Alternately, the primary key could be as simple as an incremented number assigned to each new entry, by the database. This unique number is called a 'surrogate key.'

In addition to primary keys, a tuple may also have 'foreign keys, which can link to other tuples. To illustrate, think of a returning customer buying an item at an e-commerce store. In the store's customer table, the "customer ID" is the primary key, and in the transactions table, the "order number" is the primary key there. However, the transactions table includes the customer ID for each order. In that tuple, the "customer ID" is a foreign key.

It should be noted that these two relations must maintain what is called referential integrity, meaning that any "customer ID" in the transactions table must actually be in the customer table.

Basically, you can do four 'operations' with database data:

  1. Retrieveexisting data
  2. Insert new data
  3. Update existing data
  4. Delete existing data

The Glue: Functional Dependencies

Using the Enhanced Entity Relation Model, we can further specify different types of entities, into subclasses and superclasses. Subclasses are groupings within a set of entities that are clustered in different roles they play. If "employee" is an entity, then "technician" and "manager" could be two different subclasses. Inversely, "employee" is a superclass of "technician" and "manager."

Bushwick NYC streetart by Phetus

Some attributes, called specific attributes or local attributes, can only be applied to certain subclasses (a technician's specialty, for instance).
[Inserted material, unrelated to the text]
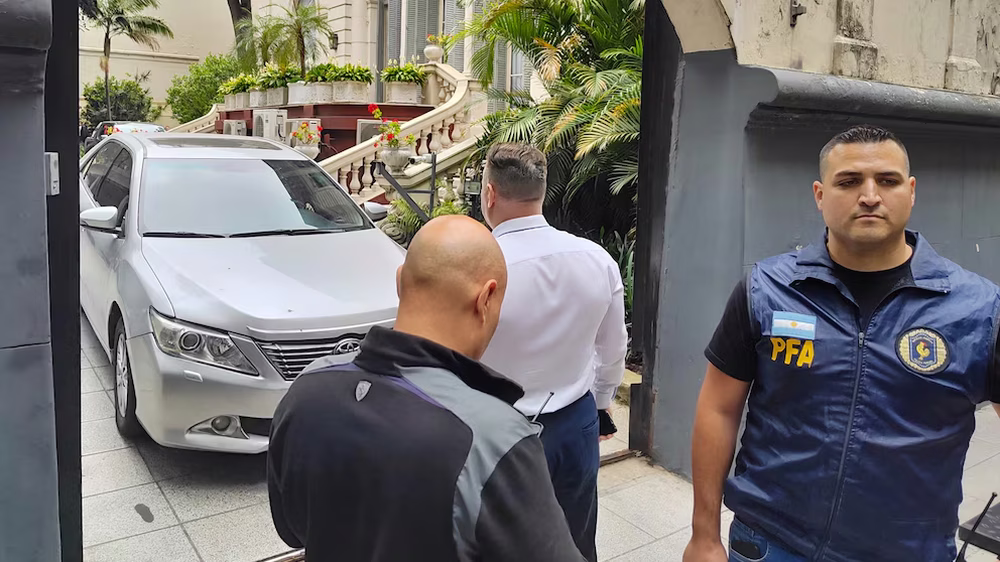 El segundo auto de los diplomáticos rusos fue guardado en la embajada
Sometimes inclusion into a subclass can be determined by the existence of a certain attribute, called predicate-defined subclasses. Membership is defined by a particular value of an attribute, though subclasses can also be defined without any particular attribute--user-defined subclasses.

The actual relationships in the relational database are called functional dependencies. "The single most important concept in relational schema design theory is that of a functional dependency," write Ramez Elmasri and Shamkant Navathe in "Fundamentals of Database Systems." The relations are permanent and unalterable.

For instance, a table may have two attributes, or columns. Given that one is the primary key, we can always find the value of the second attribute by looking up the primary key. The primary key is the determinant and the other is the dependent, the parlance of database-speak. Keep in mind that this relationship does not work in reverse: You can not use a dependent value to definitively determine the primary key. You have no guarantee that the dependent value is unique in that table.

Beyond the simple connection drawn between the primary key and the dependents, a number of other inferences can be made as well, using Armb's inference rules, which cover the laws of logic such as transitivity and reflexivity.